▶ [SOURCE DATA]:
++++++
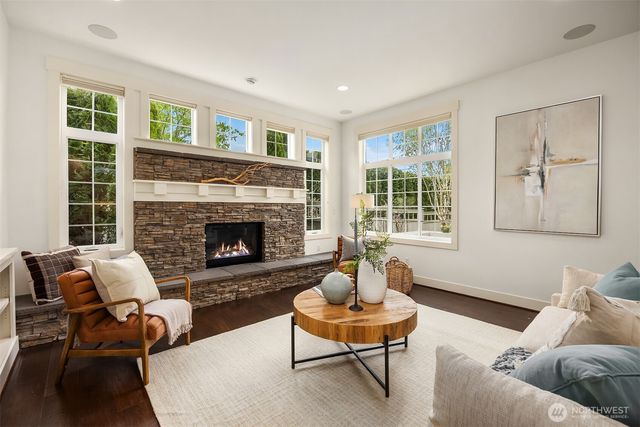 1447 26th Avenue NE, Issaquah, WA 98029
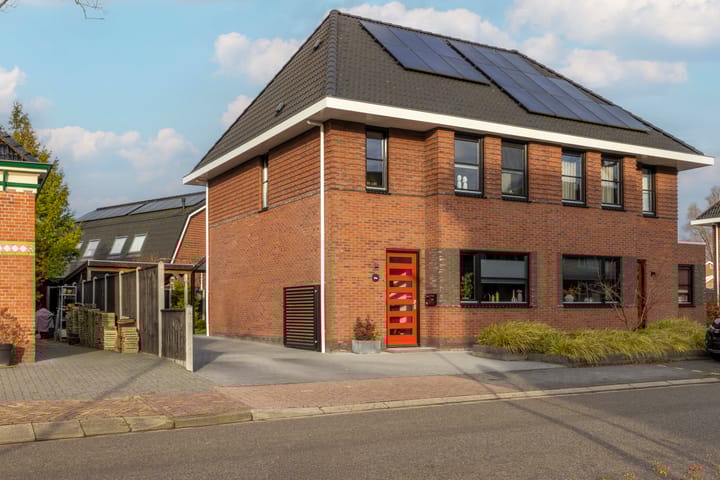 De Dellen 39A en Surhuisterveen foto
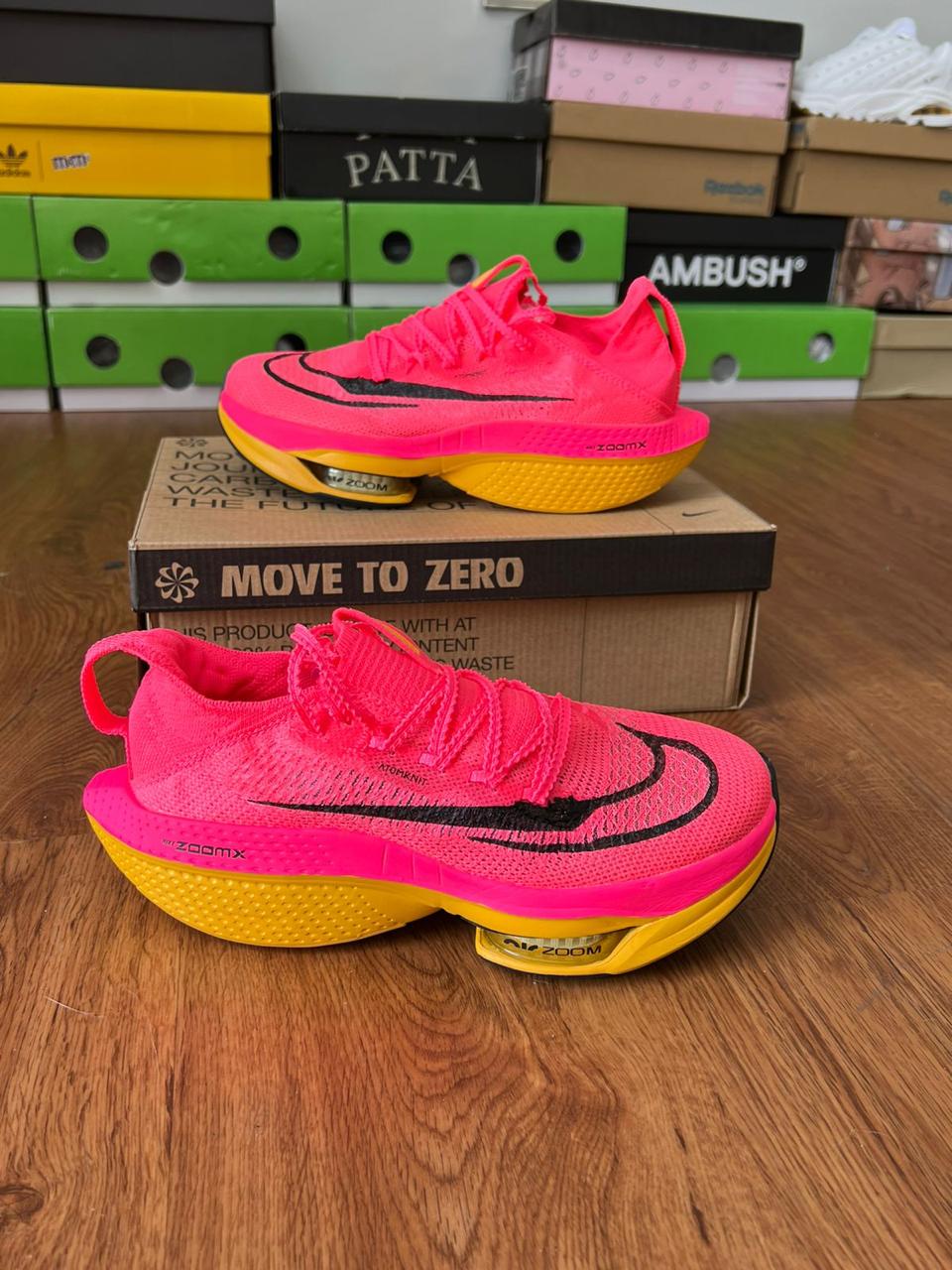 NIKE ZOOMX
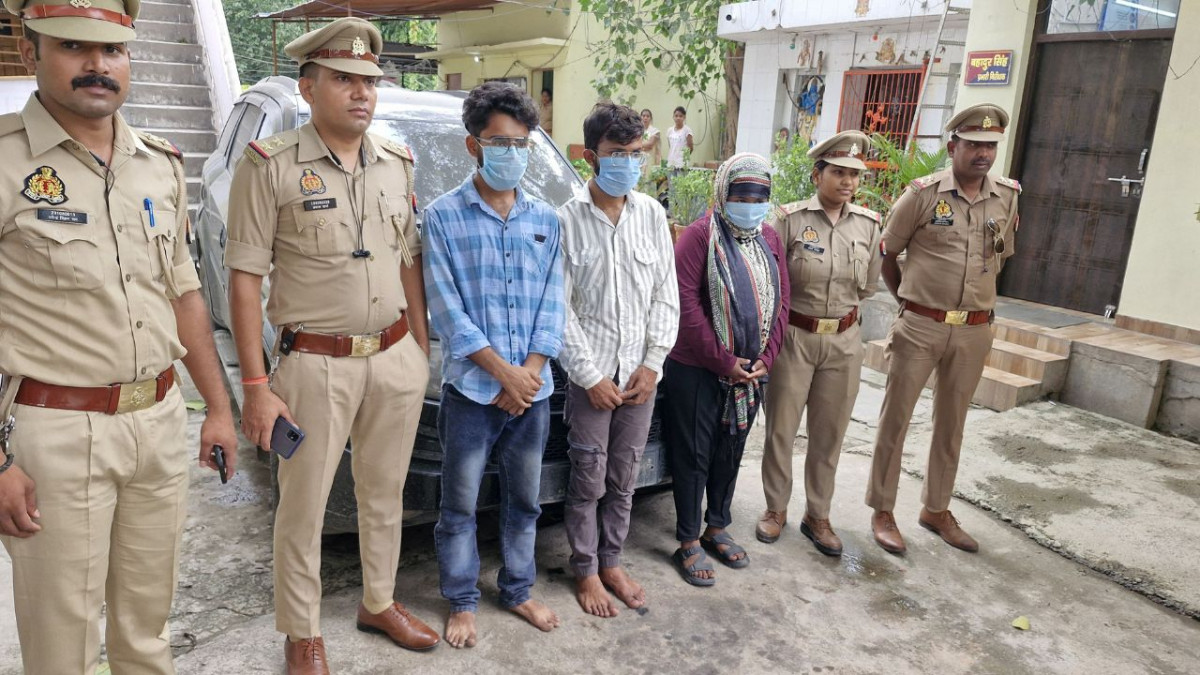 डेटिंग एप के माध्यम से ठगी करने वाले तीन लोगों को पुलिस ने किया गिरफ्तार डेटिंग एप के माध्यम से ठगी करने वाले तीन लोगों को पुलिस ने किया गिरफ्तार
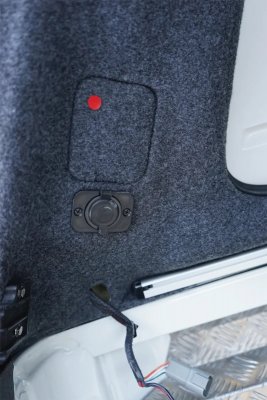 Ladkassekappe Alpha CMX til Toyota Hilux (Double Cab) fra 2021-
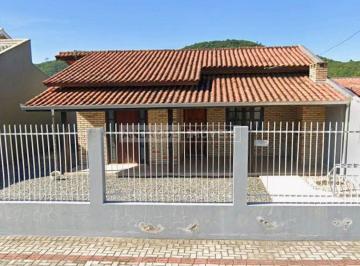 whatsapp-image-2026-07-13-at-170221-17840354554415.jpeg · Casa de Alvenaria Em Zimbros Bombinhas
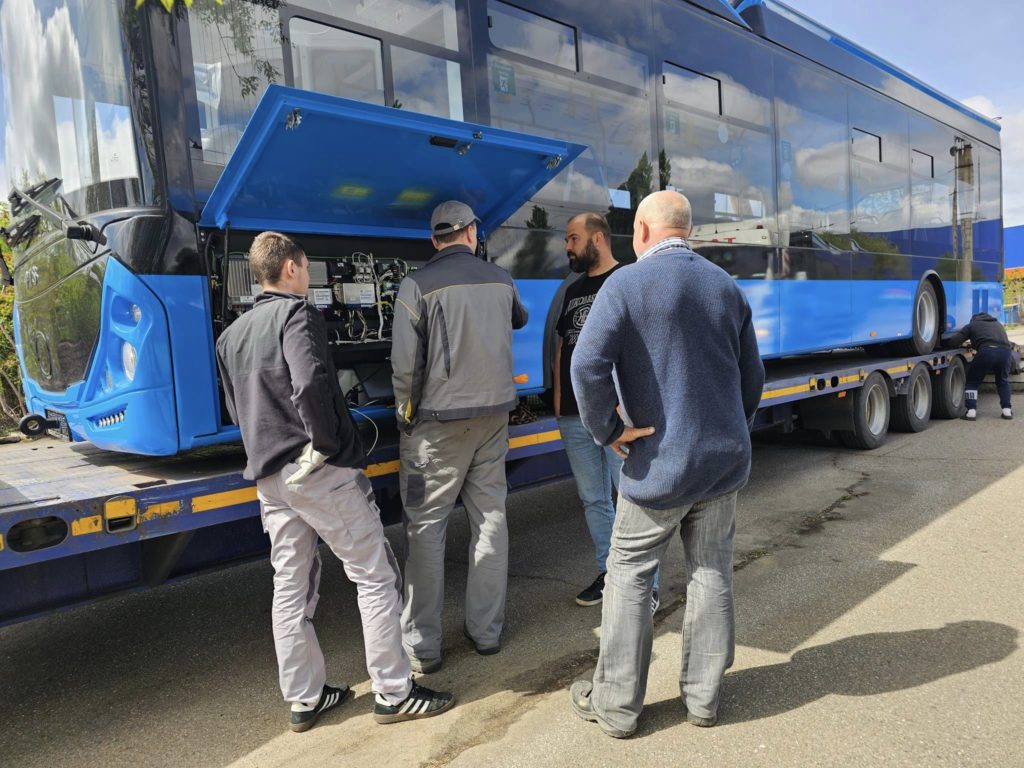 Миколаїв отримав ще два нових тролейбуси з автономним ходом до 20 км (ФОТО) 9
++++++
▶ [REQUIREMENT]: Your answer must be an exact reproduction of all entries, containing no pictures.

▶ [FINISHED TASK]:
 1447 26th Avenue NE, Issaquah, WA 98029
 De Dellen 39A en Surhuisterveen foto
 NIKE ZOOMX
 डेटिंग एप के माध्यम से ठगी करने वाले तीन लोगों को पुलिस ने किया गिरफ्तार डेटिंग एप के माध्यम से ठगी करने वाले तीन लोगों को पुलिस ने किया गिरफ्तार
 Ladkassekappe Alpha CMX til Toyota Hilux (Double Cab) fra 2021-
 whatsapp-image-2026-07-13-at-170221-17840354554415.jpeg · Casa de Alvenaria Em Zimbros Bombinhas
 Миколаїв отримав ще два нових тролейбуси з автономним ходом до 20 км (ФОТО) 9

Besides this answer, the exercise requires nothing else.